One problem with bokeh is that it disappears when you scale the image down. Perhaps this technique can help solve that (but I suppose there would be better ways to do this).
Anyway, the entire technique is also very easy to do manually with Photoshop.
One step further would be to incorporate the blurring, masking, and combining operations into the network itself, so you can leverage the GPU to do the whole computation in one fell swoop.
Ain’t no lens that would blur the front brim of her hat and her face is clear like that. Disregarding the nature of the optics you are emulating ruins the value of the effect
What’s odd is that I can’t interact with it at all on my iPad. I scroll down, hit a media object of some kind, and that’s the end of it. Blank space, no scroll indication, can’t seem to scroll back up to the top.
I think I'm missing the part of my brain that lets me understand why bokeh selfies are even a thing. If you're going to remove your surroundings from the picture, why even bother taking a new picture?
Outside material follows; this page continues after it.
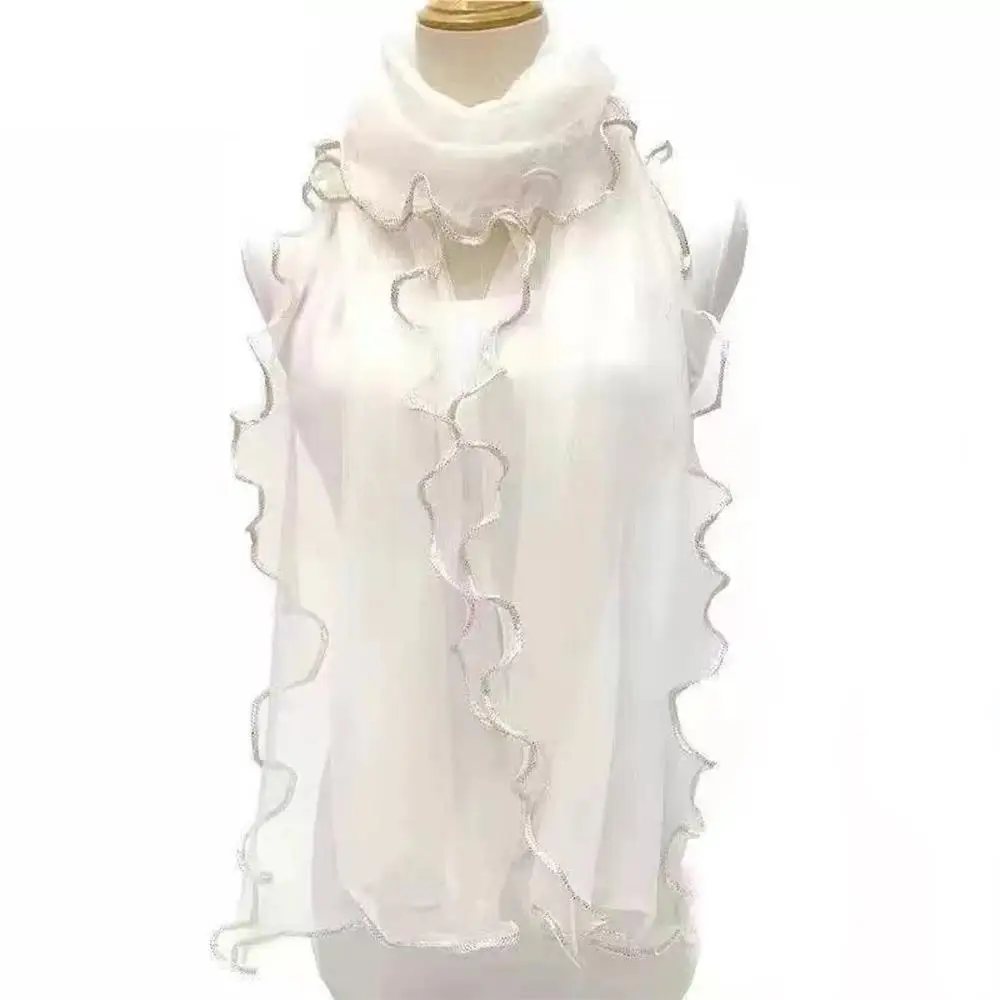 

5 Colors Summer Sunscreen Headscarf Neck Wrap Elegant Lace Decorative Bandana Women Scarves Breathable Long Scarf Silk Shawl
if we're using deep learning anyways, might as well use a u-net (ie. pix2pix) to add the bokeh directly - this would require pair training data but would probably look a lot better visually.
Wow this looks ugly :D. But still nice work. It's just that the girl is totally over-processed and the "bokeh", well I hate to break it to you, but this isn't bokeh, its called "blur".
I suggest to brush up a bit on photo skills, although I agree that the instragram and iPhone culture can shift your perception of "bokehlicious" quite a bit.
I don't want to make you feel bad, so I also tell you that Apple's "bokeh" in portrait mode looks disgusting, doesn't make any sense and breaks the image in a lot of trivial cases... and they spent a lot more money & effort on it than you :).
FYI, the web page seems entirely unusable on my iPad Pro. It goes blank at the first example, and without a scroll indicator I have no idea what’s going on.
I was able to scroll to the bottom footer, but I can’t scroll back to the top, so there’s literally nothing but a blank page now except for the footer.